На следующий день ни свет ни заря раздался звонок.
— С ней что–нибудь случилось? — суровым голосом спросил Эрамбль.
— Да. Успокойтесь!… Она отравилась.
— Тогда, выходит… ее нога вакантна?.. Я хочу ее, слышите? Она моя!
Последующая неделя оставила у меня самые смутные воспоминания. В тот период я делал лаконичные записи на скорую руку, и сегодня мне трудно в них разобраться. Я как бы пробираюсь на ощупь, восстанавливая логическую последовательность рассказа. Помню, что по просьбе Марека поселился у Эрамбля. Я снова вижу профессора, у которого поубавилось уверенности, когда он просил меня не отходить от Эрамбля ни на шаг. Все мы опасались неблагоразумного поступка, взрыва, шумного заявления со стороны несчастного, который смертельно невзлюбил Марека с тех пор, как тот отказал ему в трансплантации второй ноги Миртиля. «Отказал» — сказано не совсем точно. Такая операция была технически невозможна, поскольку к моменту возвращения Эрамбля в Париж Симона была мертва уже свыше суток. Но, даже если бы Эрамбль не уезжал, профессор не удовлетворил бы его просьбу, что я и пытался целыми днями ему втолковывать… Тщетно!
Он уперся и не желал ничего слушать. Напрасно я объяснял ему, что трансплантация — законная практика лишь в случае крайней необходимости, однако надо ограничить ее применение во избежание нетерпимых злоупотреблений. Эрамбль мне возражал, утверждая, что второй эксперимент, предпринятый из соображений эстетики, напротив, в какой–то мере привлечет еще большее внимание к работам профессора и покажет, что любой орган человека способен жить, независимо от самого тела, предоставляющего ему временное прибежище. Он говорил, что нога Миртиля принадлежит ему по праву. Она повлекла за собой смерть Симоны, так как женщина была для нее не органичным объектом, а вот он сам представит доказательство, что если правильно подобрать реципиента, то можно создать нового человека — более сильного, более уравновешенного. Эрамбль выдвигал и другие аргументы, отличающиеся такой же абсурдной логикой, и это больше всего беспокоило Марека и меня.

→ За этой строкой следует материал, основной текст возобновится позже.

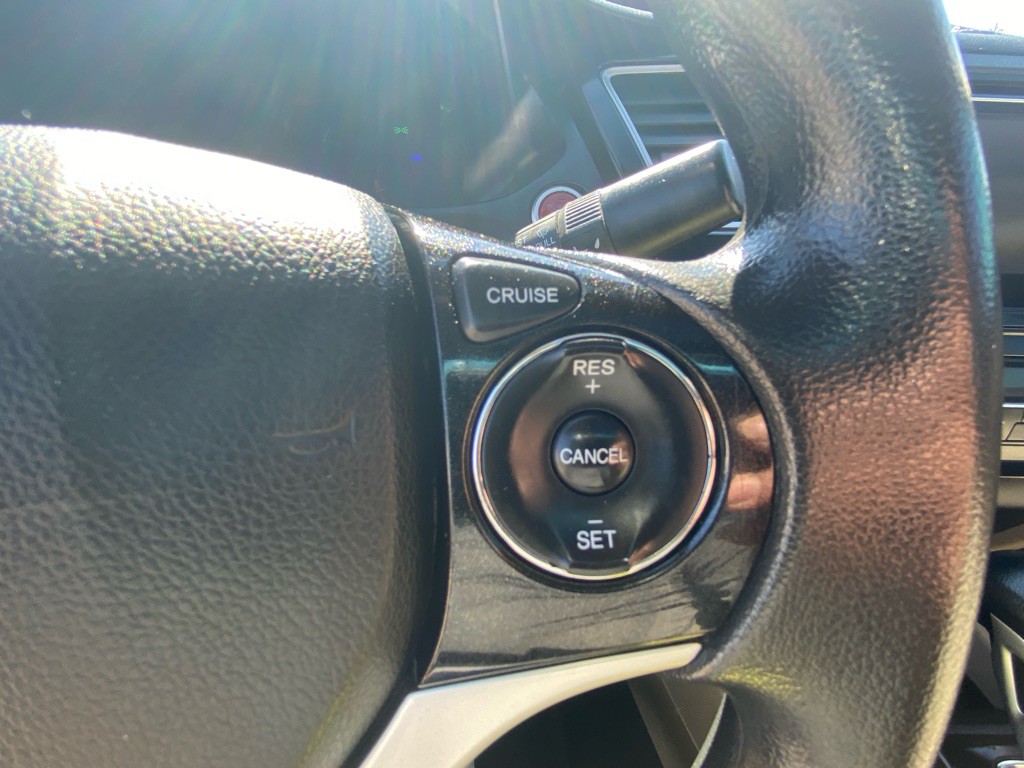 2015 Honda Civic Image 24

К тому же, как все одержимые, Эрамбль не слушал возражений, грозился писать в газеты, воззвать к общественному мнению, обратиться в суд. Надо было дать ему выговориться. Перестав неистовствовать, он успокаивался, извинялся, сам признавал свою неправоту, но при этом впадал в другую крайность и с тревогой спрашивал нас, не заболел ли он неврозом, умолял меня присматривать за ним, пускался в признания, которые было даже неловко выслушивать.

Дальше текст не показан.